CvHAS inverted membrane vesicle (IMV) preparation
To prepare CvHAS-bearing IMVs, a 2-L cell pellet was resuspended in buffer A (20 mM Tris-HCl pH 7.5, 100 mM NaCl, 10% glycerol, 5 mM BME and 2 mM PMSF). Cells were incubated with 1 mg ml−1 lysozyme for 1 h before disruption by three passes through a microfluidizer at 18,000 psi. Unbroken cells were pelleted by centrifugation at 20,000g for 25 min. Cleared lysate was carefully layered onto 40 ml of 2 M sucrose, followed by centrifugation at 200,000g for 2 h. The brown IMV ring was collected, diluted to 60 ml using buffer B (20 mM Tris-HCl pH 7.5, 100 mM NaCl and 10% glycerol) and subjected to another round of ultracentrifugation for 1 h. The pelleted IMVs were resuspended in 2 ml of Buffer B, aliquoted, flash-frozen and stored at −80 °C for subsequent use in activity assays.

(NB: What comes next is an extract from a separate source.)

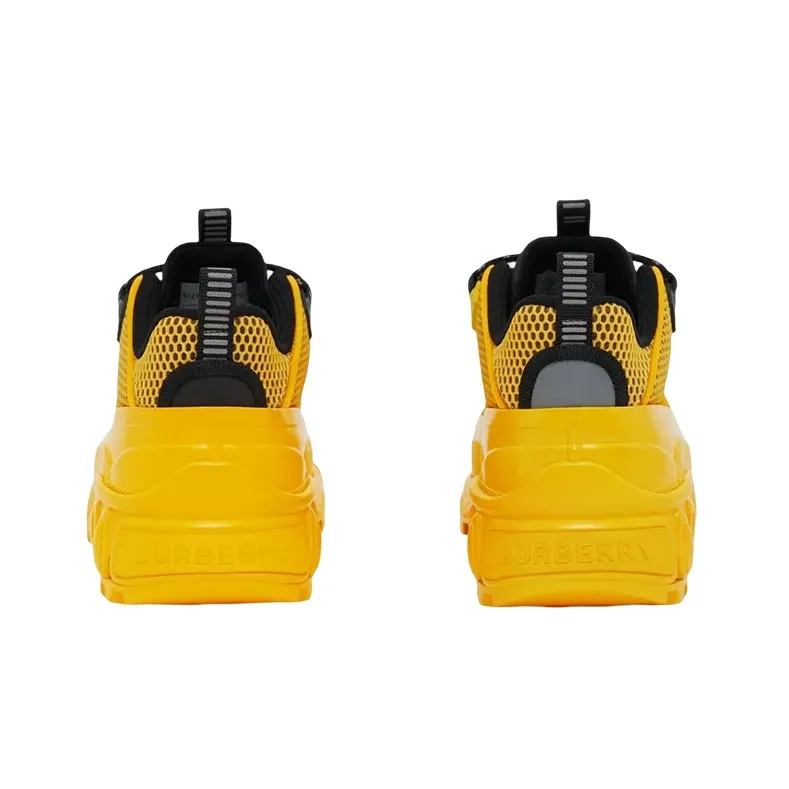 Burberry Arthur Yellow Black-4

Quantification of HAS activity by scintillation counting
All reagents for biochemical analyses were supplied by Sigma, unless stated otherwise. Protein concentrations in CvHAS IMVs were normalized as described previously40. Reaction buffer consisted of 40 mM Tris-HCl pH 7.5, 150 mM NaCl, 20 mM MnCl2, 0.5 mM TCEP, 5 mM UDP-GlcNAc, 5 mM UDP-GlcA and 0.01 μCi μl−1 [3H]UDP-GlcNAc (Perkin Elmer). Reactions were carried out at 30 °C for 2 h. HA digests were performed by adding 2% DDM and 75 U of hyaluronidase (MP Biotech) to the reaction and incubating for an additional 10 min at 30 °C. Reactions were terminated with 3% SDS and product accumulation was quantified using descending paper chromatography and liquid scintillation counting as previously described40.
Electrophoretic HA size determination
To assess the size of HA synthesized by XlHAS1, similar reaction conditions were applied to those described above. Reaction buffer consisted of 25 mM Tris-HCl pH 7.8, 150 mM NaCl, 0.02% GDN, 20 mM MgCl2, 5 mM UDP-GlcA and 5 mM UDP-GlcNAc. Reactions were carried out at 37 °C for 3 h and at 1 µM HAS concentration. Controls were carried out by digesting the synthesized polymers with hyaluronidase. Synthesis reactions were mixed with SDS–PAGE loading dye and applied to a 1% agarose gel (ultrapure agarose, Invitrogen) casted in an Owl B2 system (Thermo Fisher). All gels were subjected to electrophoresis at 100 V for 2 h at room temperature to achieve comparable separation for each run. After the run, the gel was equilibrated in 50% ethanol for 1.5 h and subjected to staining in 0.05% Stains-all (Sigma) in 50% ethanol overnight under light protection. The poststaining background was reduced by soaking the gel in 20% ethanol for 3–7 days in the dark. The migration of the synthesized HA species was compared to HA standards from Streptococcus equi (Sigma), as well as enzymatically generated ladders: HA LoLadder and HA HiLadder (Hyalose).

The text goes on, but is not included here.